An Archive of Resistance
Reviewed by: Lola Shehu-Endo
Review started: March 23, 2021, 2021
Review finished: April 26, 2021
Data and Sources
- 858 hours of video
- The site is a (growing) collection of hours of raw and unedited footage and other visual materials collected since the Egyptian Revolution of 2011
- Videos are uncut and represent different perspectives of the revolution
- Videos were recorded and collected during the Egyptian Revolution in Tahir Square and across Egypt by the Mosireen Collective, who were active participants of the revolution
- Videos have been indexed
- There is no designed experience for a visitor of this archive. There are directions on how to use the archive in both Arabic and English, but there are no exhibitions, highlights, or directed paths through which to experience the materials.
- The design of the site is just as raw as the videos, but the videos are clearly indexed and easy to search. They are organized in 32 different categories including time, date, keyword, size, topic, places, etc.
- Sometimes annotations are thorough, but most of the time the info only places the footage in context.
Digital Tools Used to Build It
- Based on pan.do/ra, a free, open-source platform for media archives
- Wappalyzer analysis of https://858.ma/home: Ubuntu operating system; Nginx web server and reverse proxy
- Arabic, English, and some sound on video in French and Spanish translated into English
While the regime is using every resource to clamp down on public space and public memory the time has come to excavate and remember and re-present our histories.
858: An Archive of Resistance was created by the Mosireen Collective, a volunteer media activist collective that came together during the Egyptian Revolution of 2011, a protest movement they were a part of to document and make public images of the Egyptian Revolution.
858 is a platform where memory and activism interact closely and seem to be viewed by the organizers/creators/collectors of this project as one and the same. This archive was created in part as a preventative measure to anticipated efforts by the Egyptian government to reshape and control the memory of the protests, especially as the international media’s attention moved away from Egypt. 858 is the product of years of work by hundreds of people who collected the videos since 2011. The site is a (growing) collection of hours of raw and unedited footage and other visual materials collected since the Egyptian Revolution of 2011. Videos are uncut and indexed and represent different perspectives of the revolution. All footage is published under a Creative Commons license, and API documentation is public with no limitations for use. Any visitor can easily create an account and edit and collect documents.
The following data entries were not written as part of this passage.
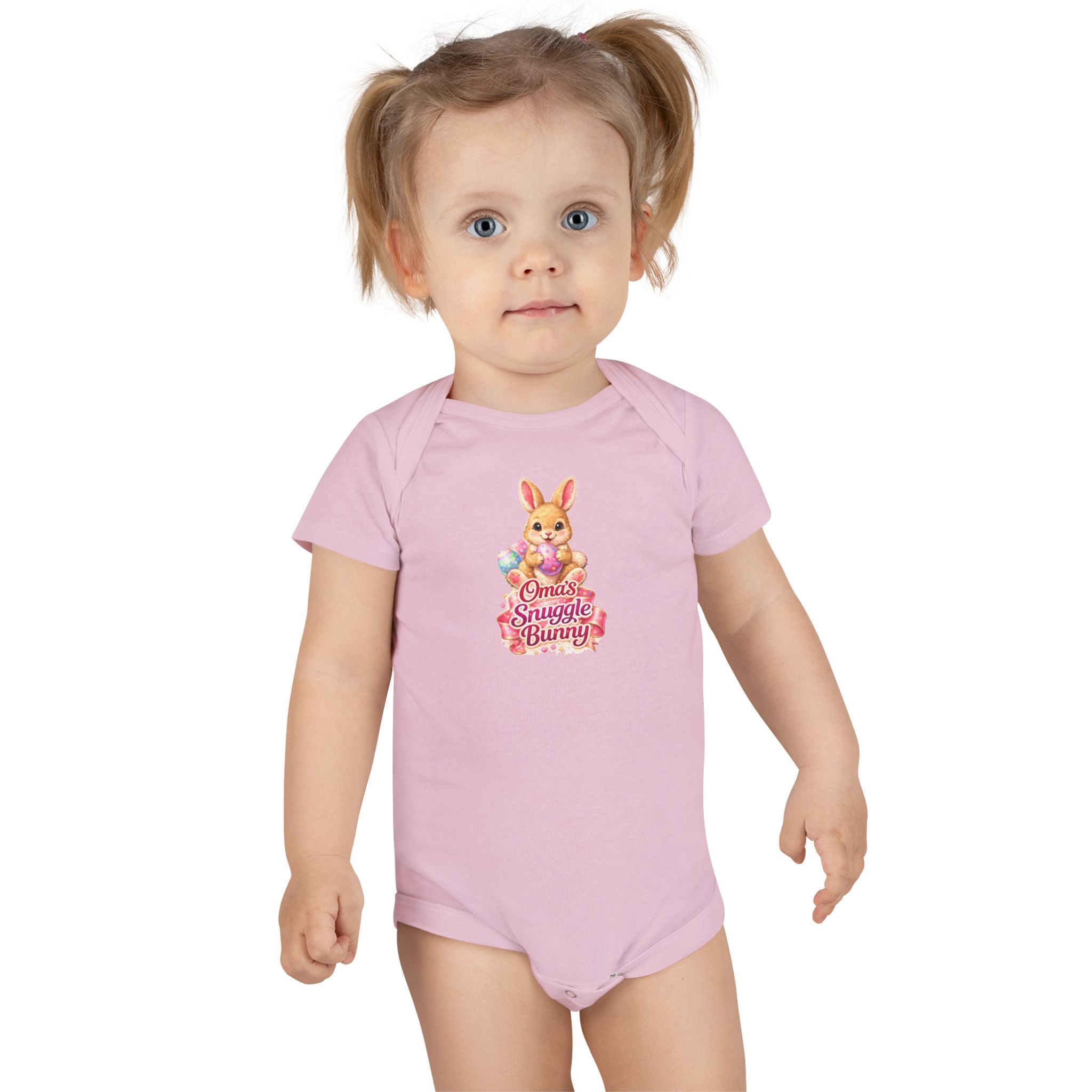 Oma's Snuggle Bunny Baby Onesie, Cute Bunny Floral Infant Bodysuit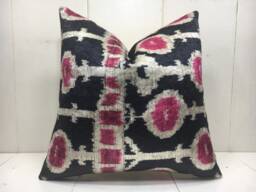 Handwoven Silk Ikat Pillow Cover, Modern Home Decor - 16x16 - thumbnail 1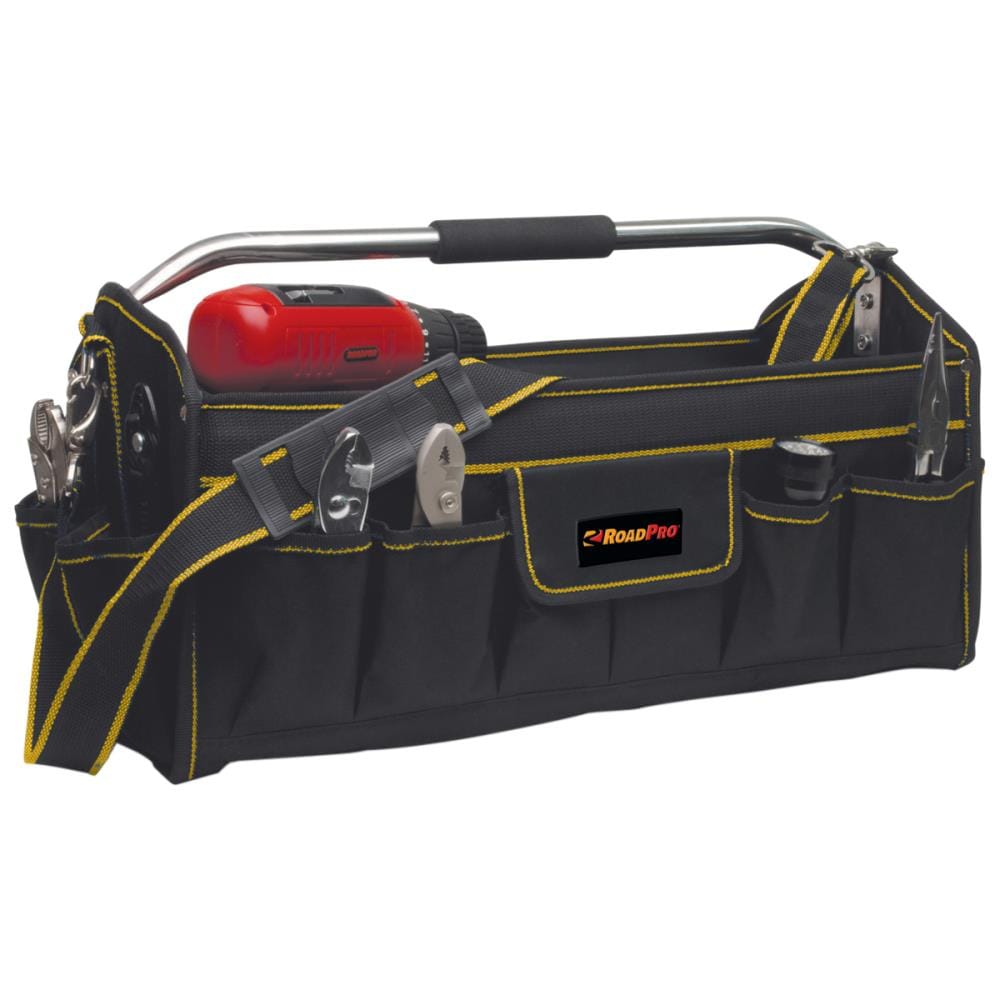 Bolsa de herramientas negra de lona RoadPro de 13.8 pulgadas de ancho x 21.3 pulgadas de profundidad x 3 pulgadas de largo RPTB20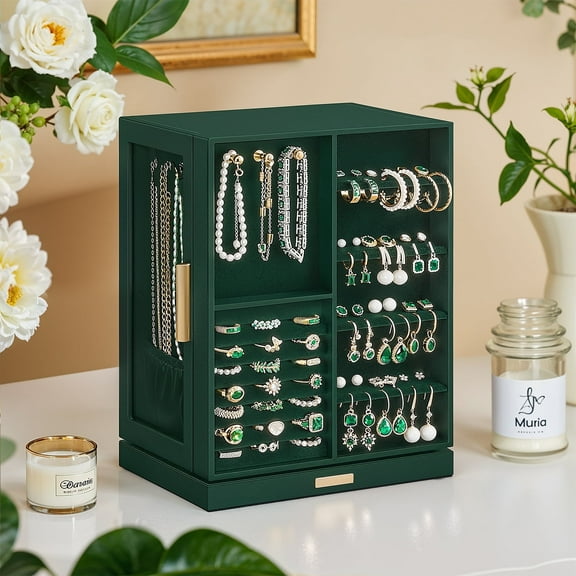 LEDREM 360° Rotating Jewelry Organizer with 5 Drawers & 18 Necklace Hooks, Vertical Storage, Glass Window, Velvet Lining, Giftable Jewelry Box , Forest Green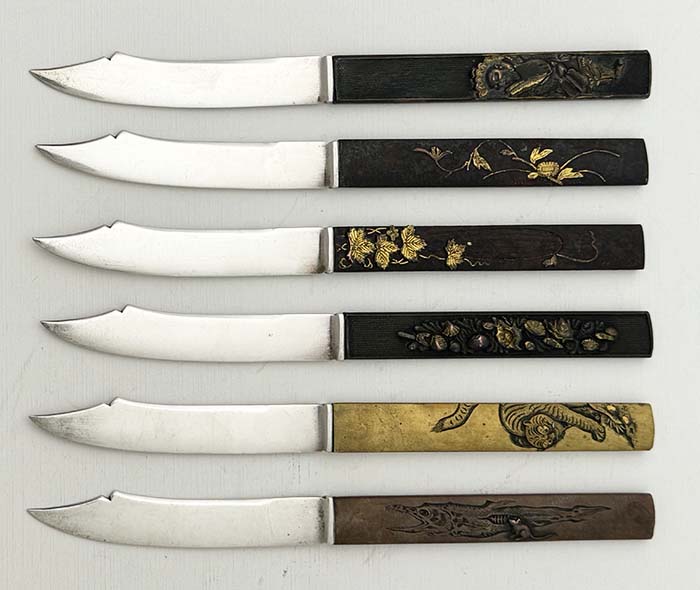 Gorham sterling and mixed metals handle fruit knives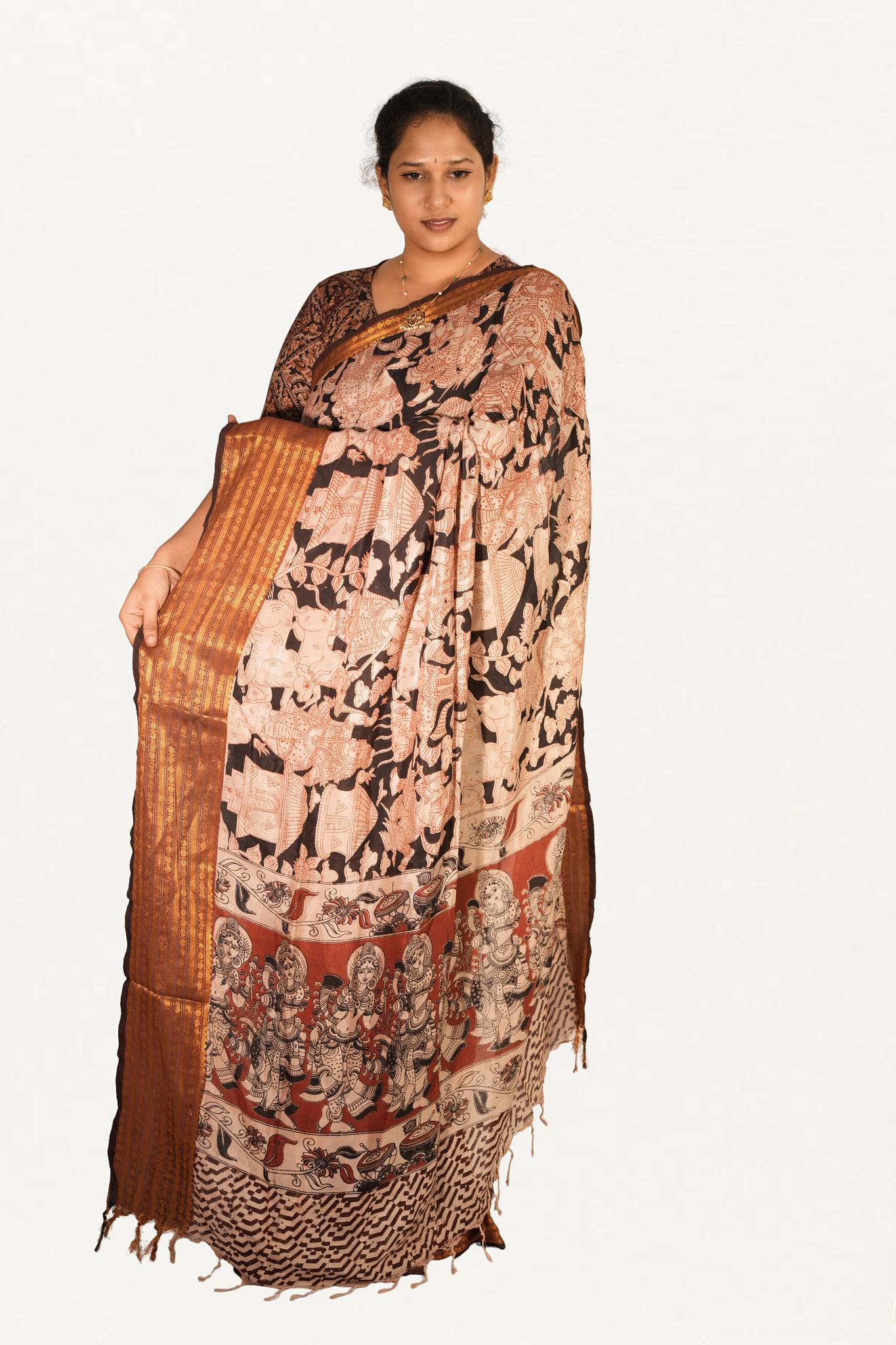 KALAMKARI MANGALAGIRI POWERLOOM SAREE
Outside of preserving the public and visual memories of the revolution, the creators of 858 present this archive “to serve purposes yet unknown.” As someone interested in gender during times of political upheaval, this archive is a veritable treasure of primary sources. Many of the videos show women and men working and having intense discussions together in group meetings, which testify to the role of women in this revolution. The diversity of many women interviewed all over Egypt is especially important and valuable. I found myself wishing for some of the videos to be translated, but I think the raw unedited footage is very important.